EXERCISE REQUIREMENTS:
Starting at the line with "Wooden back deck", copy each line through the last one below exactly as written, without any pictures.
──────── AVAILABLE RECORDS ────────
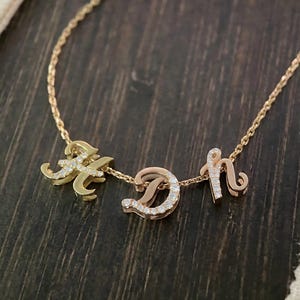 May include: A gold-colored necklace with three cursive letters: A, D, and h. Each letter is embellished with small, clear gemstones. The necklace chain is delicate, and the letters are connected. The background is a dark wood surface.
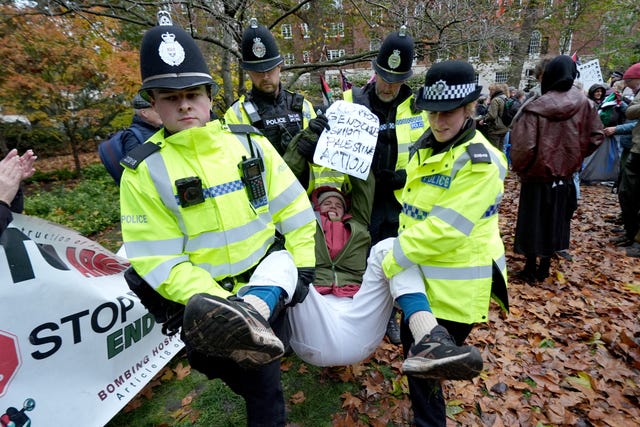 Police remove people from the Defend Our Juries protest in support of Palestine Action at The Peace Garden, Tavistock Square, central London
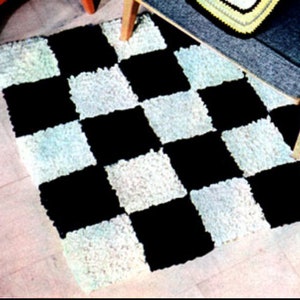 Puede incluir: Una alfombra de cuadros negros y blancos con una textura esponjosa. La alfombra est&aacute; hecha de hilo y tiene un patr&oacute;n de tablero de ajedrez.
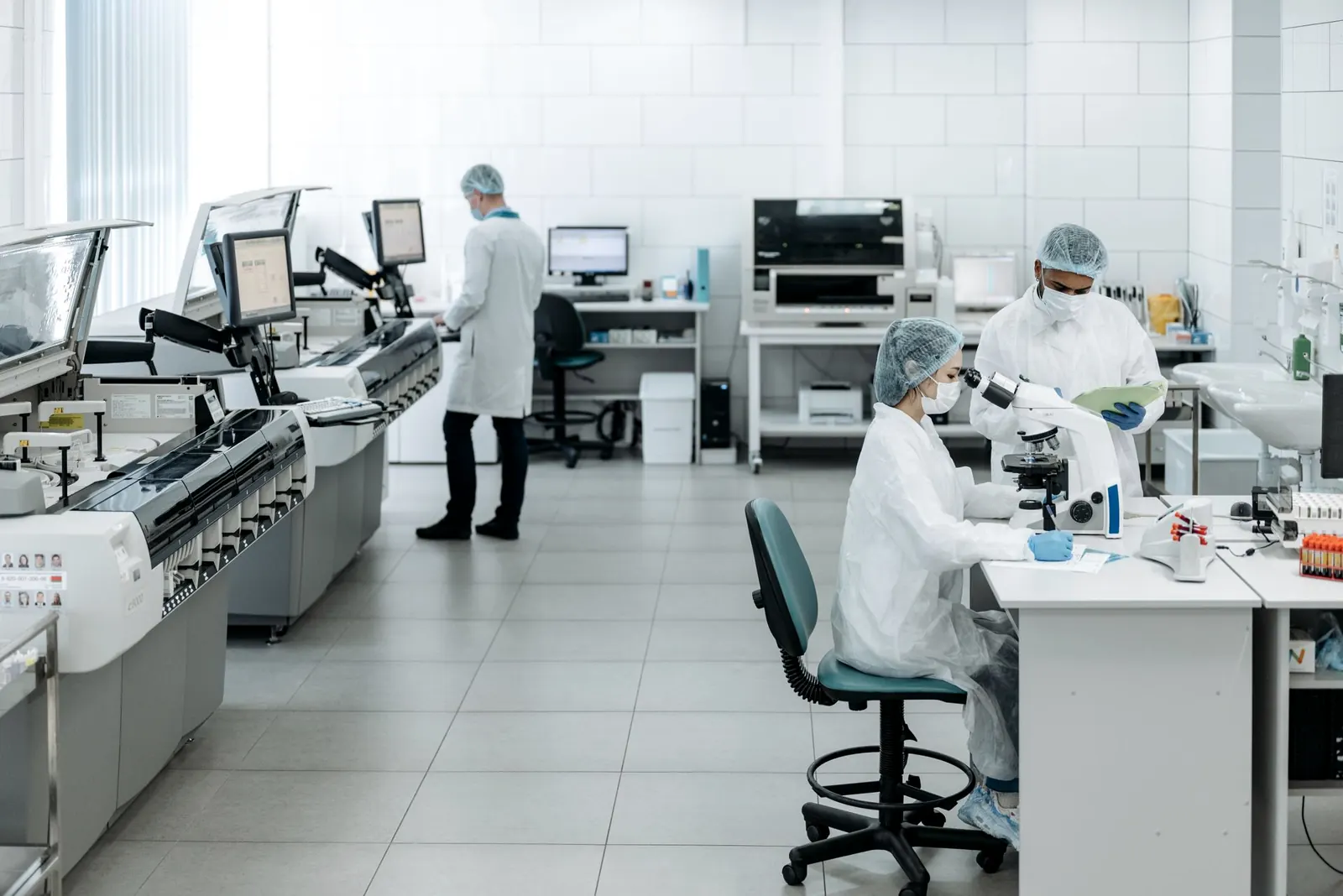 Scientists working with instruments in a modern laboratory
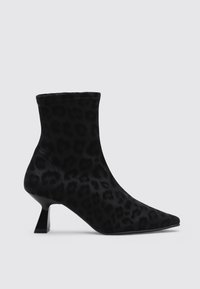 Botas negras hasta el tobillo con una textura suave, patrón de leopardo, punta afilada y un diseño de tacón geométrico corto.
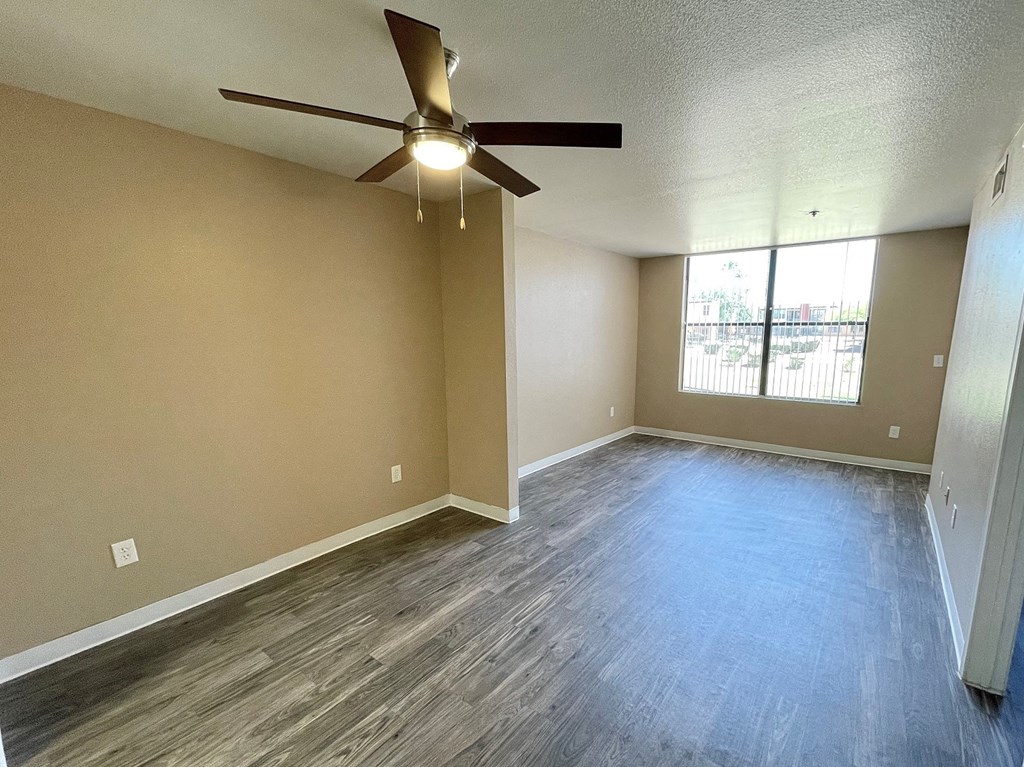 an empty living room with a ceiling fan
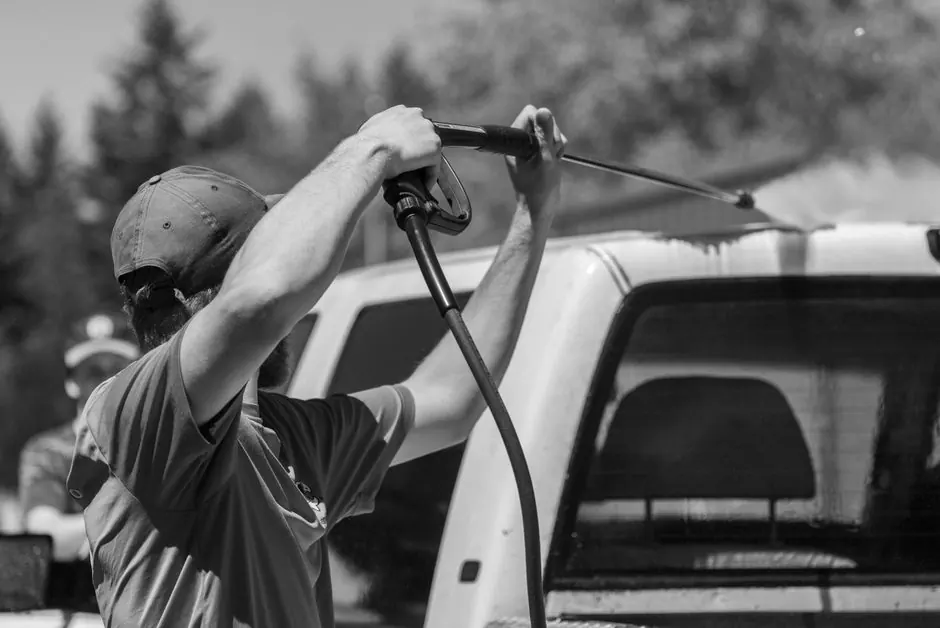 Black and white image of a man using a power spray on a truck outdoors.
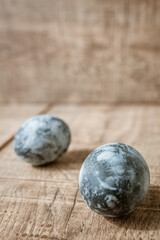 A group of Easter eggs on a brown wooden surface. Frame, border. Copy Space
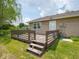 Wooden back deck with weathered steps and railing leading to the home's entrance at 7645 Inverness Dr, Indianapolis, IN 46237
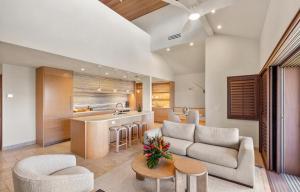 a living room with a couch and a kitchen at Puunoa Beach Estate in Lahaina
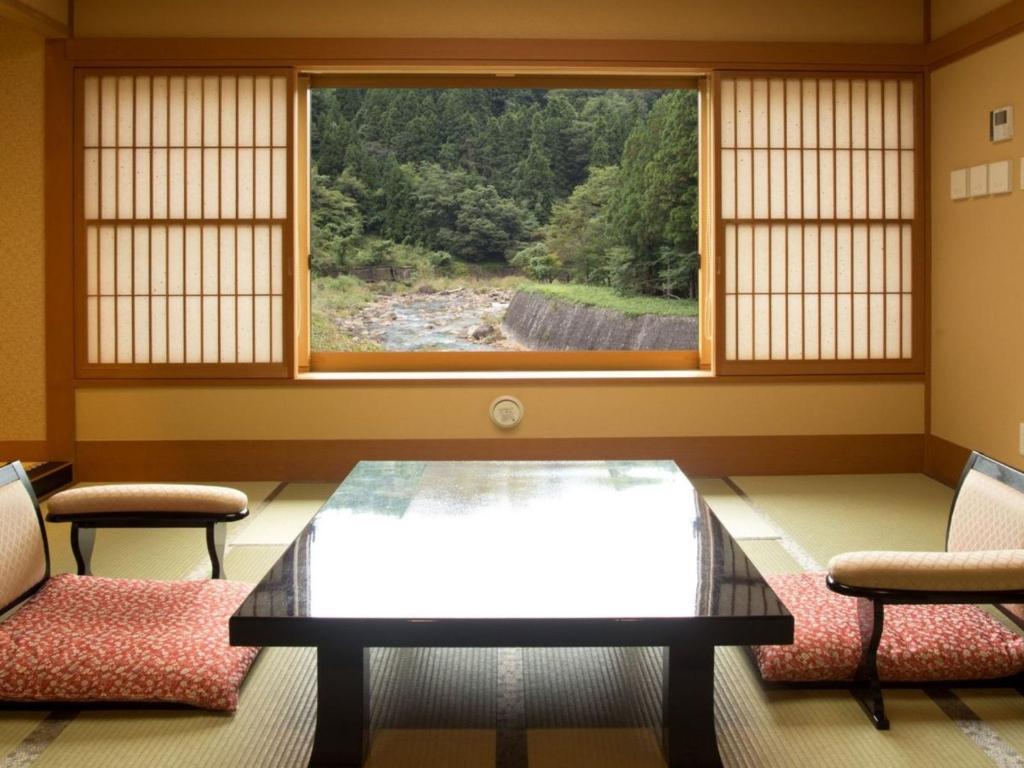 une pièce avec une table et deux chaises et une fenêtre dans l'établissement Harumiya Ryokan, à Fukushima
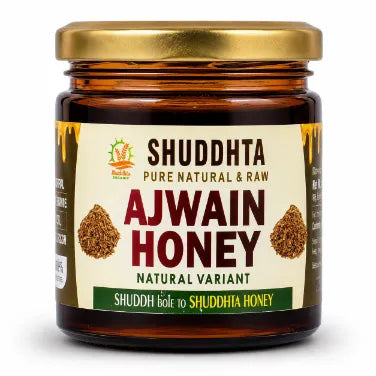 A jar of Shuddhta Ajwain Honey with a gold lid and cream-colored label, set against a plain white background.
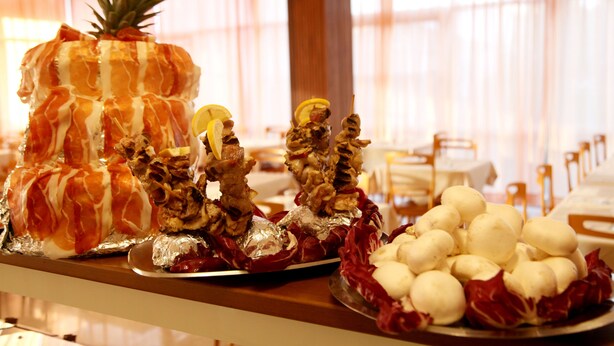 A buffet with various food items including a pineapple, skewers, and a plate of white round items. - Hotel Alfa (Rimini)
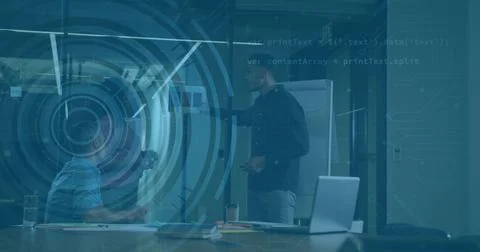 Standing professional in sweater explaining code on glass board in conference 스톡 사진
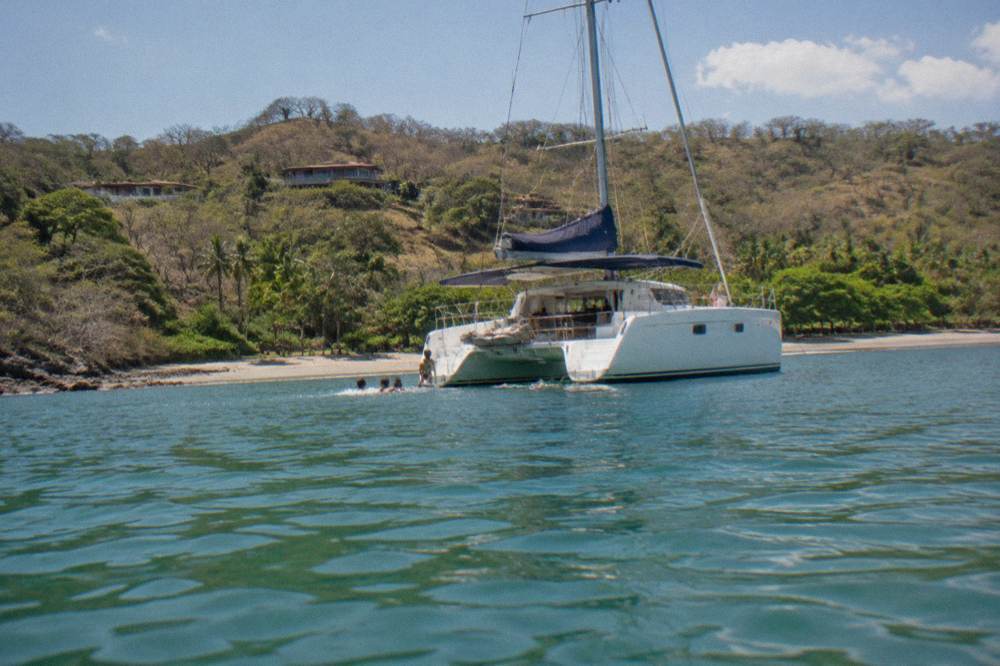 A catamaran at anchor in a quiet bay with passengers in the water near the boat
────────
RESPONSE FOR THIS EXERCISE:
 Wooden back deck with weathered steps and railing leading to the home's entrance at 7645 Inverness Dr, Indianapolis, IN 46237
 a living room with a couch and a kitchen at Puunoa Beach Estate in Lahaina
 une pièce avec une table et deux chaises et une fenêtre dans l'établissement Harumiya Ryokan, à Fukushima
 A jar of Shuddhta Ajwain Honey with a gold lid and cream-colored label, set against a plain white background.
 A buffet with various food items including a pineapple, skewers, and a plate of white round items. - Hotel Alfa (Rimini)
 Standing professional in sweater explaining code on glass board in conference 스톡 사진
 A catamaran at anchor in a quiet bay with passengers in the water near the boat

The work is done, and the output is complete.